Well, you thoughts are your thoughts. But I have done a lot of research in
food, where ratings are subjective, and I simply disagree. If one amp, for
example, performs in a way that can be characterized as "cool" and another
as "warm", peoples ratings will reflect that even if they think they are
rating the music rather than the amp. Although there probably is no reason
to deceive them since the test is mondadic. There will be substantial
scatter; they won't march in lockstep. But the averages will reflect the
difference, and if the difference in averages is great enough, they will
reach the 95% significance level. Then you can conclude that amp "A" is
warmer-sounding than Amp "B".

Likewise, you can ask for overall preference and a whole series of ratings
on characteristics. Together they will tell you if and how the two amps
differ.

Keep in mind that this goes beyond measurement. If the "coolness" is a
static frequency response dip, it would also likely be heard in an ABX test.
If it is the way the timbre changes dynamically, heard over an extended
listen, it might not. In this *subjective* test, it really doesn't matter
what is creating the perception; the test simply determines whether the
perception difference is real or not.


Also you are trying to present your test as a mean of "validation"
of ABX/DBT tests. ABX/DBT tests do not need validation. They test
audibility of differences in physical devices (amp, wires, etc) and for
this purpose they work just fine according to experts in this field.


The test differences that are volume-related, since as frequency response,
loudness, and standard distortions. They don't do so well, many of us
believe, on things that are more complex perceptually such as imaging,
transparency, dynamic phase coherence, dimensionality, etc.


Your 'monadic' testing is designed to measure subjective
differences.


That is correct.

You probably can measure subjective preferences, I will give you that.


That's a start.

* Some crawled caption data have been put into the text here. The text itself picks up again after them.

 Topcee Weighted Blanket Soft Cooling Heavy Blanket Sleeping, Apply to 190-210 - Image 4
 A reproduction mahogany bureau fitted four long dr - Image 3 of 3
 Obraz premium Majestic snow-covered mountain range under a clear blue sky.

You can also measure differences in perception, believe me.

To say you can't to me, with my background, is like saying you can't measure
harmonic distortion to an EE.


For instance after testing of 10000 subjects you can conclude that 52%
favor box a, 45% box B, and 3% are undecided. After all efforts and
money spent on this test will these results have any value? Subjective
is subjective and that is all.


Well, for starters, such a preference by 10000 people woud be statistically
significant beyond a doubt. So you can say for sure "the two amps sound
different, and "A" is preferred.

Now also suppose that those 10000 subjects also determine that Amp "A"
"sounds less constrained" on dynamic peaks, versus Amp "B" (at the 95%
confidence level), and they also determine that Amp "A" sounds "easier to
listen 'into' on soft passages" than Amp "B", again at the 95% level.

That would give a pretty good indication of why Amp "A" was preferred. It's
value, and what was done with the information, would depend on who and for
what purpose the test was done.

(Incidentally, usually a sample size of 200-300 people per cell is an
acceptable trade off between test cost and statistical sensitivity).

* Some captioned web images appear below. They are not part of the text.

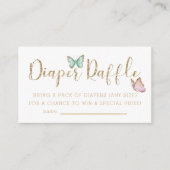 Cute Butterfly Baby Shower Diaper Raffle Ticket Enclosure Card (Front)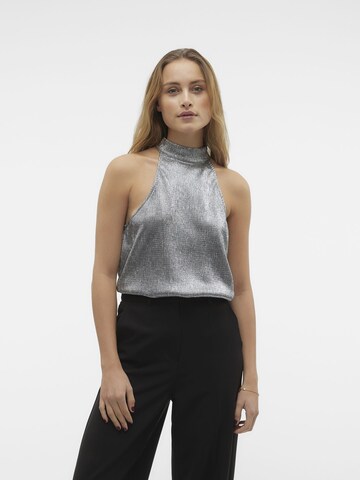 VERO MODA Blouse 'FELINE' in Zilver: voorkant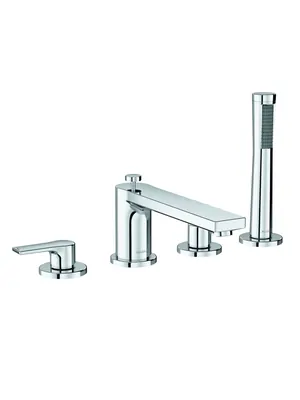 Смеситель KLUDI SL для борт ванны двухзахватный, 4 отверстия, лейка, хром 484240565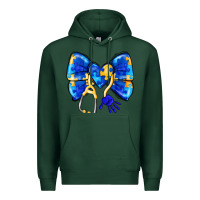 Sports Green Down Syndrome Ribbon Premium Hoodie - CowhideDigitalArt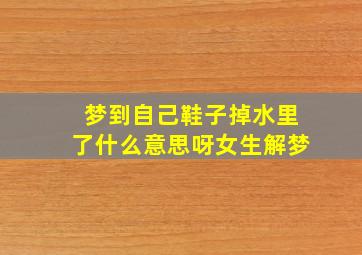 梦到自己鞋子掉水里了什么意思呀女生解梦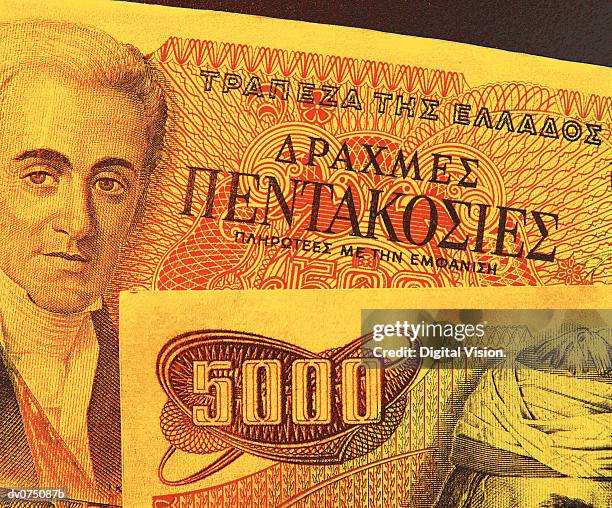 notes - ehemalige griechische währung stock-fotos und bilder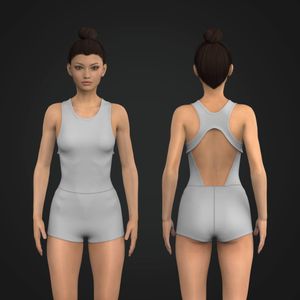 Ladies Back Cut Out Racer Back Mini Bodysuit Tech Pack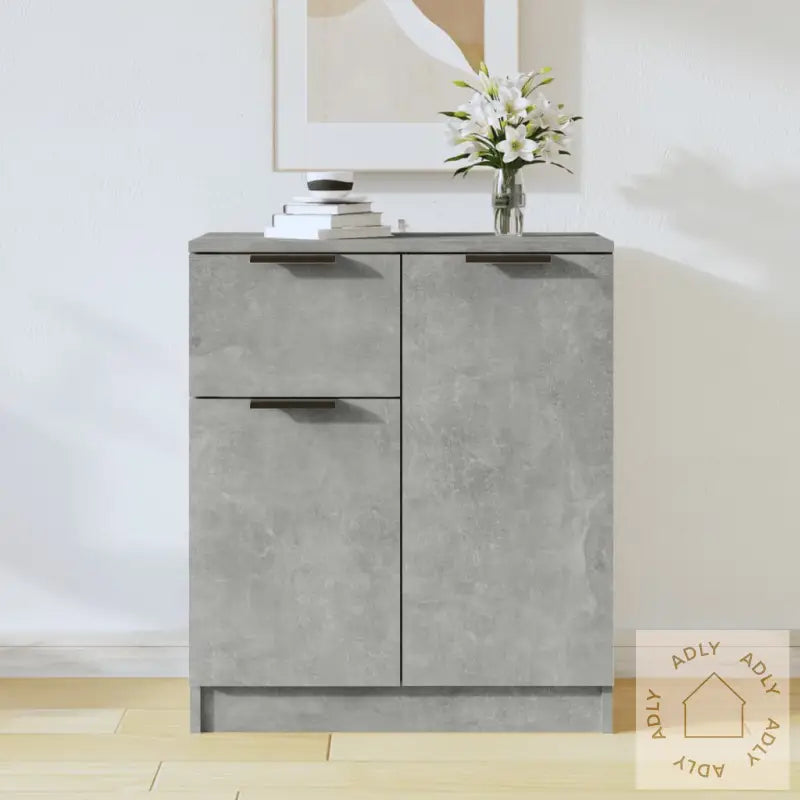 Skjenk Betonggrå 60X30X70 Cm Konstruert Tre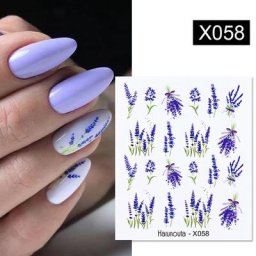 Autocollants à eau pour décoration des ongles 1 feuille motif Bouquet de lavande fleurs d'été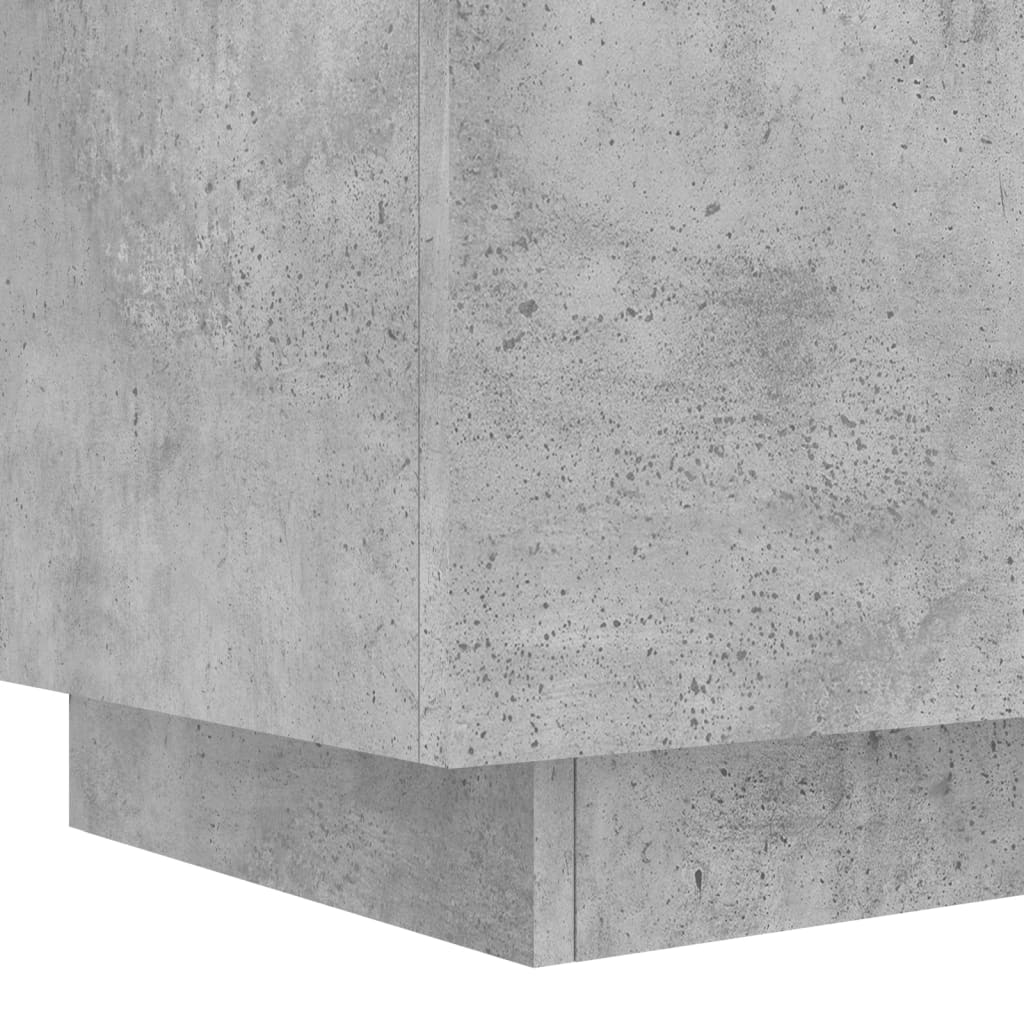 Concrete Grey Bedside Cabinets with LED Lights - Set of 2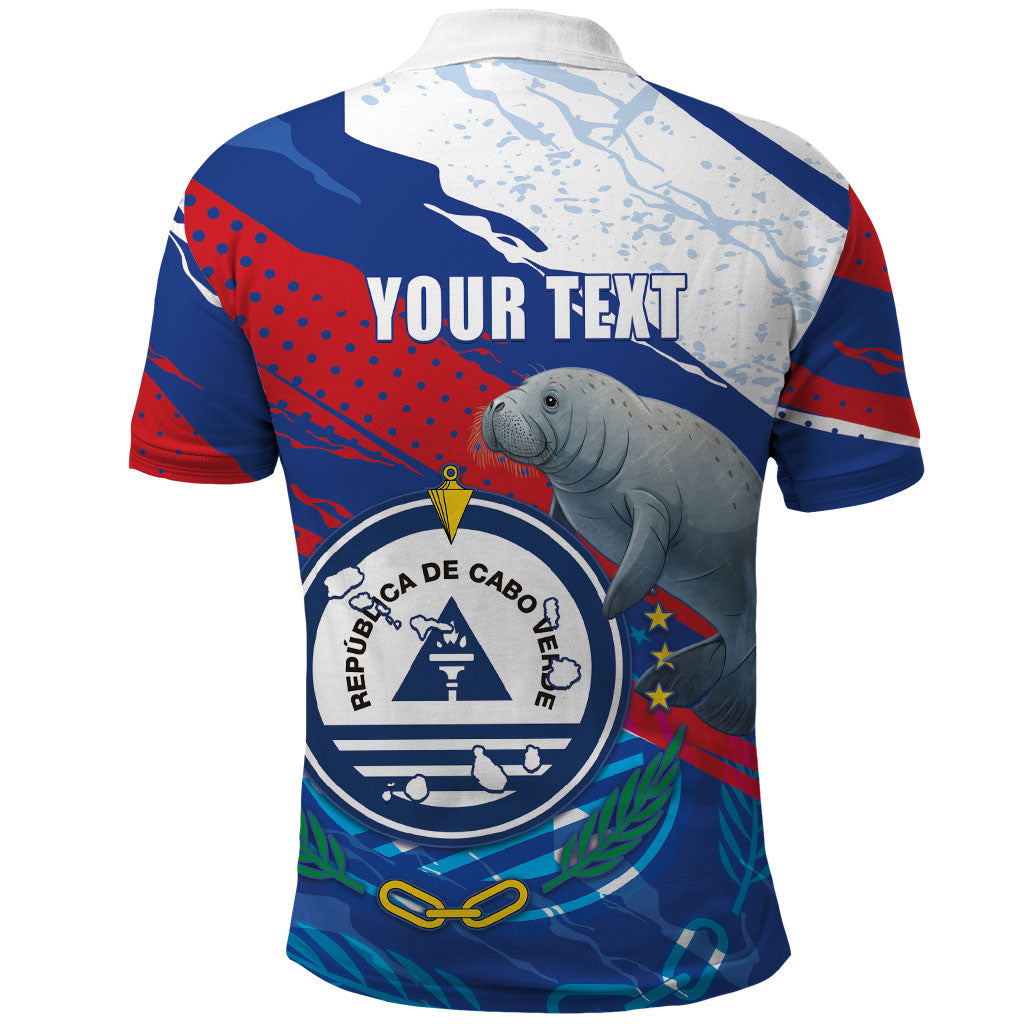 Personalized Cape Verde Independence Day Polo Shirt 51st Anniversary Manatee Coat Of Arms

Now in my case I proposed such a test as part of an overall series of tests
to determine if the short-form, quick-switch, comparative tests could give
the same results. If so, their worth would be proven for open-ended
evaluation of audio components. If not they would be misleading for this
use, however valuable for other uses they might be. Or the test technique
might have to be altered slightly. For example, let us hypothesize some
possible results:

a standard ABX test of 20 trials, conducted among ten similar people, fails
to reveal a statistical difference.
a standard ABX test of 20 trials, conducted among ten similar people just
reaches the 95% difference threshold
a standard AB preference test of 20 trials shows roughly the same preference
and significance among 10 people
a standard AB preference test of 20 trials shows no statistical preference
among 10 people, but shows a statistical prefernce when 20 people are
included

All of these would have major implications for those using comparative tests
for the purposes of open-ended evaluation of audio components. But only
once the *benchmark* or control had been established.

For instance, many people have subjective preference for LPs. But it
does not make LP an accurate reproduction medium? Should we stick to
LPs for music listening? We have much better means now to store and
transfer audio signal. It is the matter of preference for some people,
that's it. Nobody argues with preferences.

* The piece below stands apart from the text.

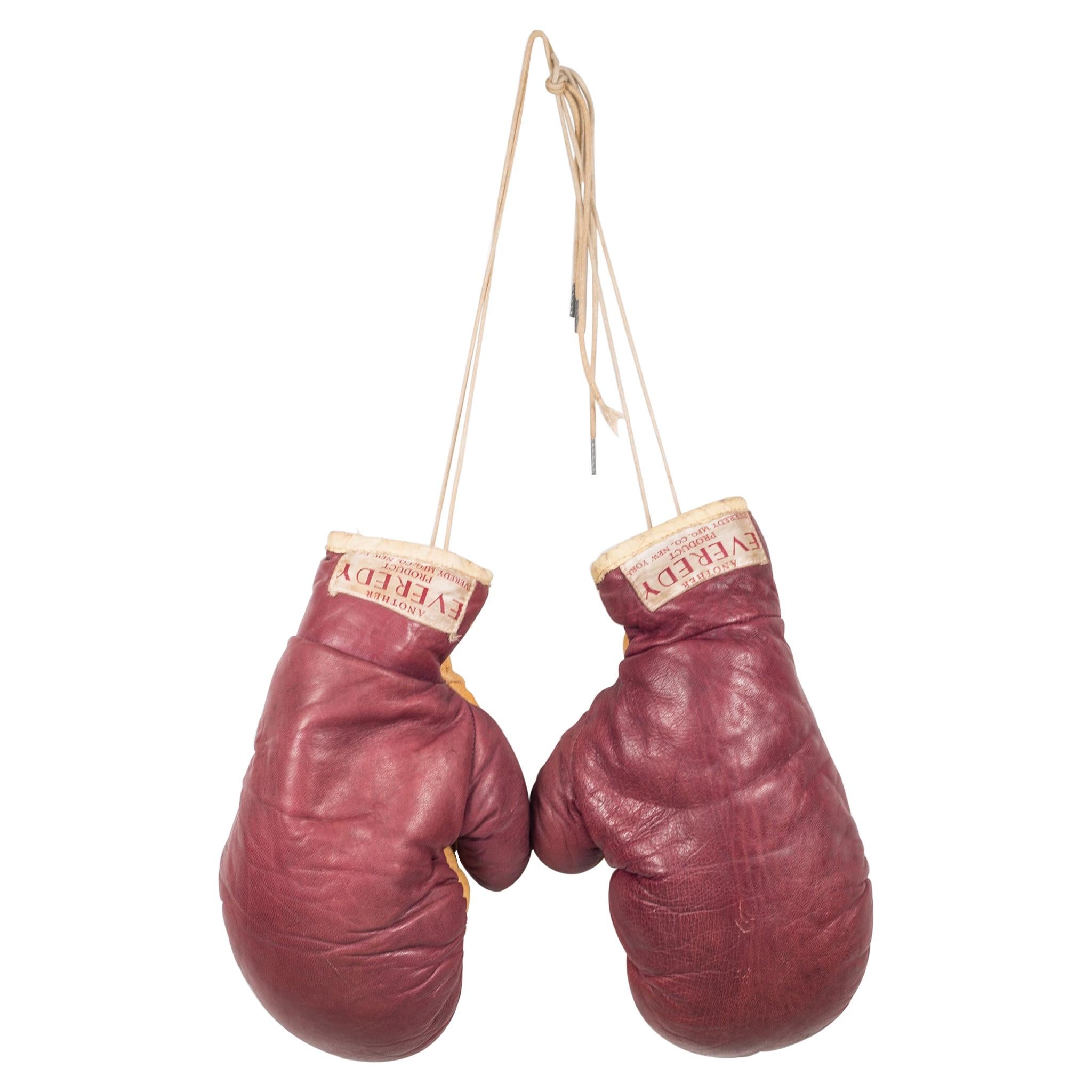 Pair of Vintage Horse Hair and Leather Boxing Gloves, circa 1940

If I were a Sony executive and my testing among 300 people should a
statistically significant 60-40 preference for vinyl over CD, I might think
hard about the product and marketing implications of same. Likewise, if I
had hard evidence that SACD was preferred over CD, I'd certainly be thinking
hard about how to capitalize on that fact.




Well, I guess I can understand why you feel that way. But fact is, Vlad,
I
postulated such a test as a key part (the "control" part) of a validation
test here nearly two years ago.


DBT does not need validation by "monadic" tests.


The double-blind technique as a concept certainly does not. However,
qucik-switch comparative testing certainly does for the purpose of
open-ended evaluation of audio components, since these tests were designed
or a whole 'nother purpose.


I let the matter drop after much
controvery, and only recently brought it up again (in another forum, but
it
has spilled over here). I also realized that perhaps understanding of
what
I was proposing was buried in the complexity of the overall testing
needed
to validate quick-switch testing, so I have tried to make my
explainations
as simple as possible.

The reason I say it is a standard test is that it is widely used in the
social sciences, psychological and behavioral sciences, and in the
medical
sciences. Audio is a field where it has not traditionally been used, at
least to my knowledge. Partly this may be structural (there are not a
lot
of large companies worried about the quality of musical reprodcution,
after
all). But more likely it is because the field has been dominated by
sound
research conducted by physisists, electircal engineers, and audiologists.
However, more recently scientists have made rapid progress in brain
research
with the growing realization that how we hear is very complex, and how we
hear music even more so. There is growing realization that musical
evaluation must be treated as a subjective phenomenon, and that means
treating its measurement using the tools of the social and psychological
scientists, and the medical scientists, not necessarily the physical
scientists.


Musical perception is subjective phenomenon, and always was.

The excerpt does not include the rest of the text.